Now it's not just deranged and obscene; it's become overtly hostile and racial. I begin to feel chagrined. As the only other awake black person in sight (the brotha behind me is knocked out, or pretending to be), I feel like it's somehow my job to speak up, to say or do something. To make a show of racial goodwill, or whatever. But I stay silent, lapsing back into observer mode. I say a silent prayer for her, though.
Mucho rants on: "All yall white people killin' people! You done hung yo’self an' killin' kids and killin' grown people. Bitch, I'm a homeless bitch! Now take that to the bank, bitch! . . ."
"CHICAGO IS NEXT."
" . . . And I'm a homeless person. All the shit happen on the news — you done did it! Cause yall rich! You white! You fucked up old man. You the one killin' mothafuckas!"
The noise drowns her out momentarily. People stare out windows.
" . . . "All these women getting' killed! Hangin' themselves. Turn to the news, ass-hole! Don't fuck wit' me — cause I ride."
More giggles from somewhere in the car.
"Yall rich. Got money. Yall hangin' yo own people. Look at Jerry Springer. Look at Jerry Springer. Don't tell me what the fuck — tell me what to do on my mothafuckin' train . . ."
"DIVISION IS NEXT."
" . . . Ugly mothafucka!"
The roar of the train at top speed nearly drowns her out, and the dad next to me is attempting to ignore her. But she continues to rail: "You done raped all these kids. Kilt all these kids. Kilt all these Mooslims. You got nerve to talk shit to me on my ghetto — it's the ghetto — da ghettooooooooo! . . .
"THIS IS DIVISION."
. . . "You rape yo kids,
you rape yo mama, you rape yo daddy—don't come and talk no shit on me on
my mothafuckin' train bitch! And you live in the suburbs! You betta suck my dick! All yall rapists! Come on my mothafuckin' train. This the ghetto. You rape. You rob. You take yo kids and fuck yo own kids . . ."

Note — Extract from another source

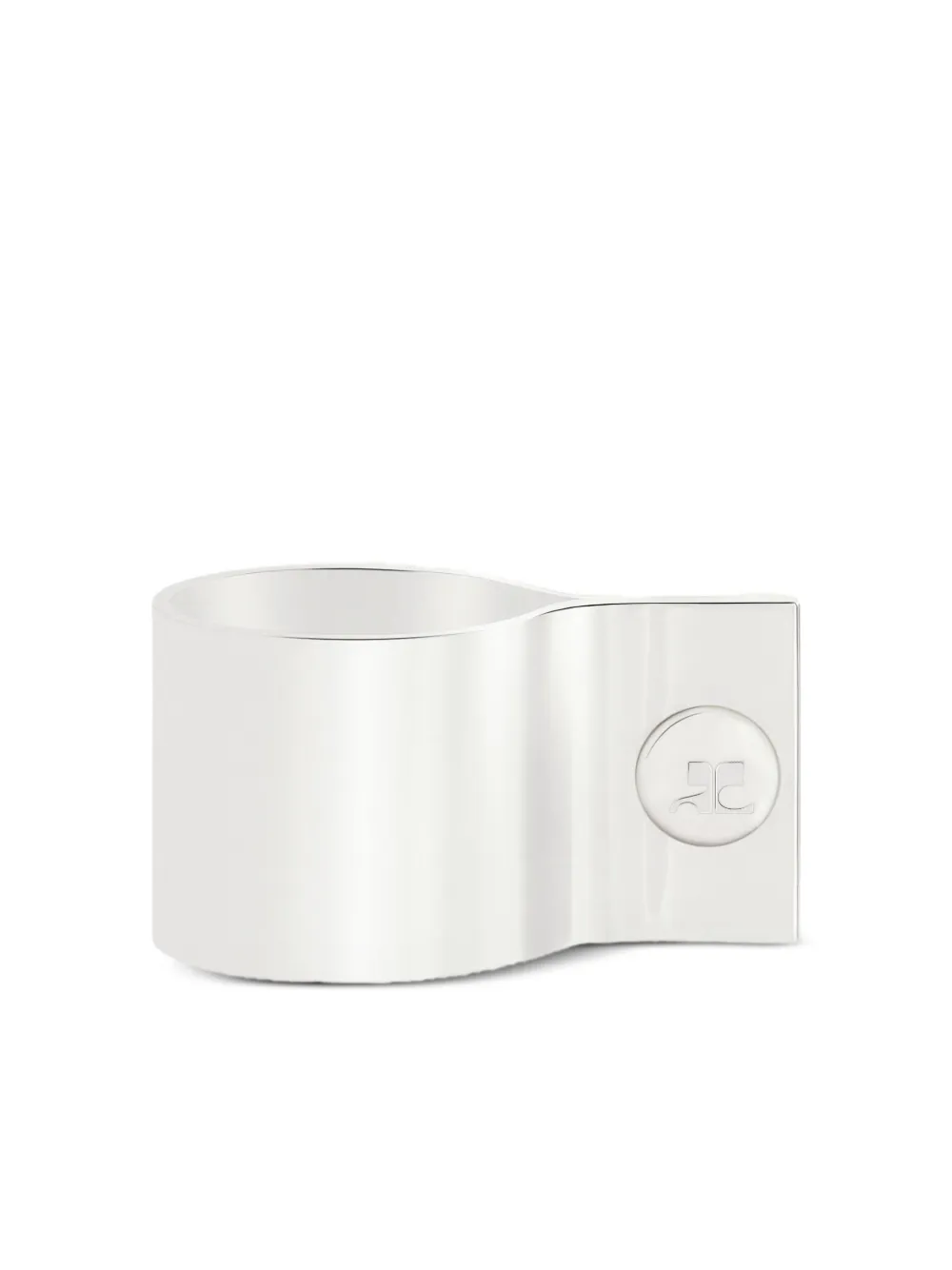  Courrèges Fold Strass Ring - Silver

"DAMEN IS NEXT. DOORS OPEN TO THE RIGHT AT DAMEN.”
"That's what the kids pick up. ... Don't come on the ghetto and talk shit. Ooh baby ... I'm a get paid ... Why ya want fuck yo kids? Why yo wanna do this, mom? ... Cause I ain't had no dick ... ahhurg."

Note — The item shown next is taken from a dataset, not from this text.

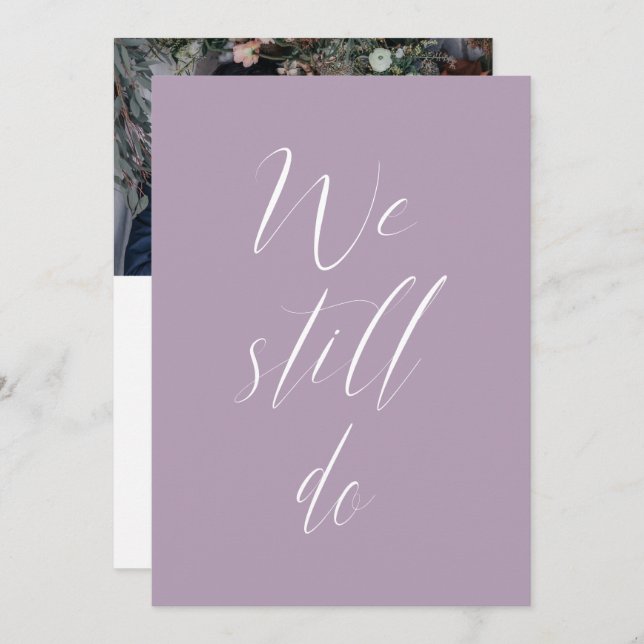 Sequel Bröllop Lila Lilac Vi gör fortfarande foto Inbjudningar (Fram/baksida)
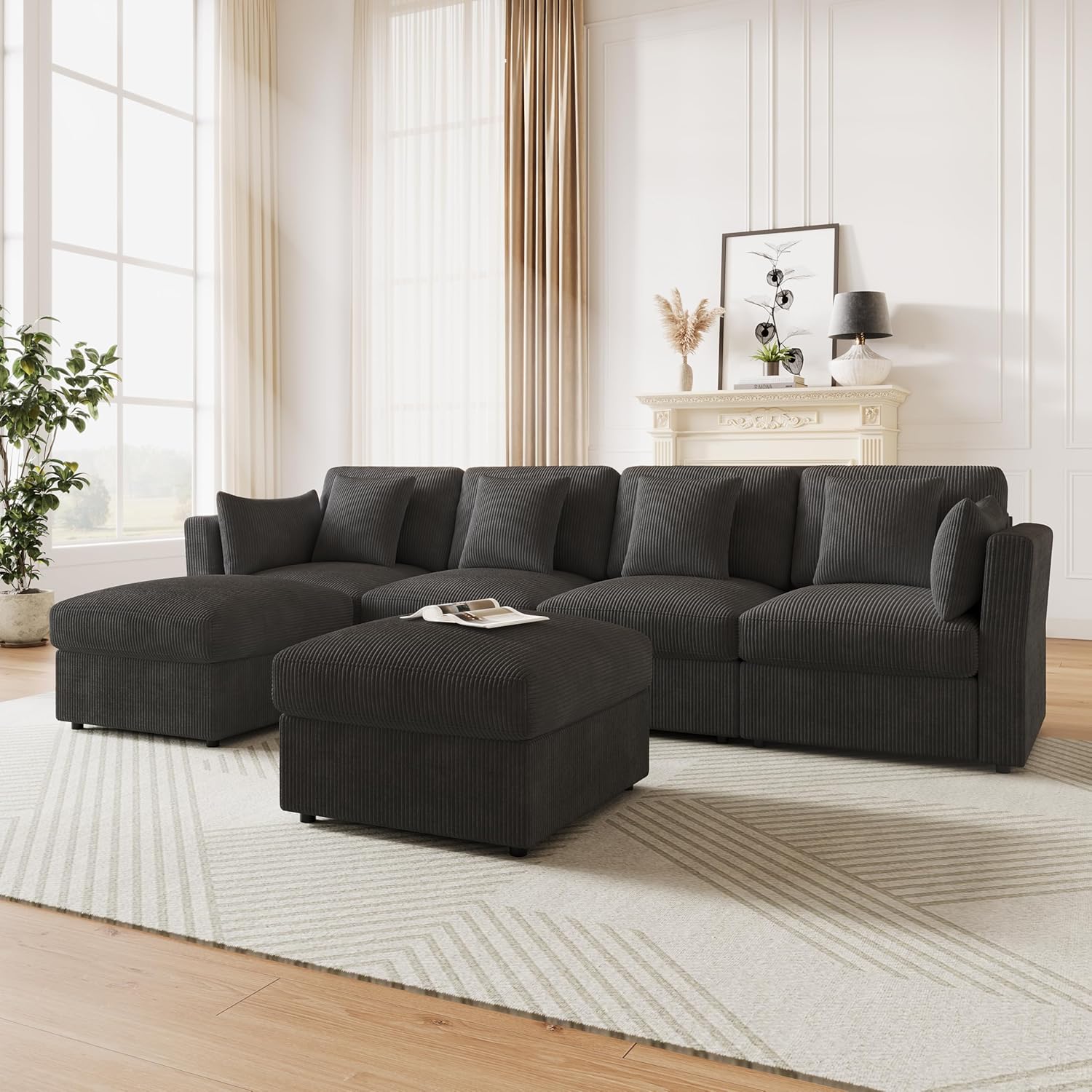 Merax Ecksofa modulares U-förmiges Sofa mit multifunktionalem Fußhocker (L/U-Form), verstellbaren Armlehnen, Cordstoff, 4-Sitzer Couch für Wohnzimmer/Schlafzimmer, Grau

In all this time — since the bearded young man spoke — no one else has said a peep to her. As I exit at Damen, I’m feeling bad for not having said or done something. But what?
While the train's stopped, I see a conductor's head sticking out a window on the far end. I sprint down to her and tell her there's a foul-mouthed disorderly woman in the second-from-last car, #3122.
"Okay, I'll report it," she sighs, as if she's heard this a hundred times.
* * *
After midnight I return to the Damen platform to head back south. I light up a Camel and listen to three dudes talk about the metal show they just saw at the Double Door. The southbound is taking its time. But within a few minutes, along comes a northbound O’Hare train and pulls up on the opposite side. I look through the windows. Is that —?
Yep. It’s Ms. Mucho again. Same car 3122, same corner, same seat. Only now she appears more tranquil, mouth shut and hood pulled halfway over her face. She wipes her nose with a tissue as the train shuts its doors and takes her into the night.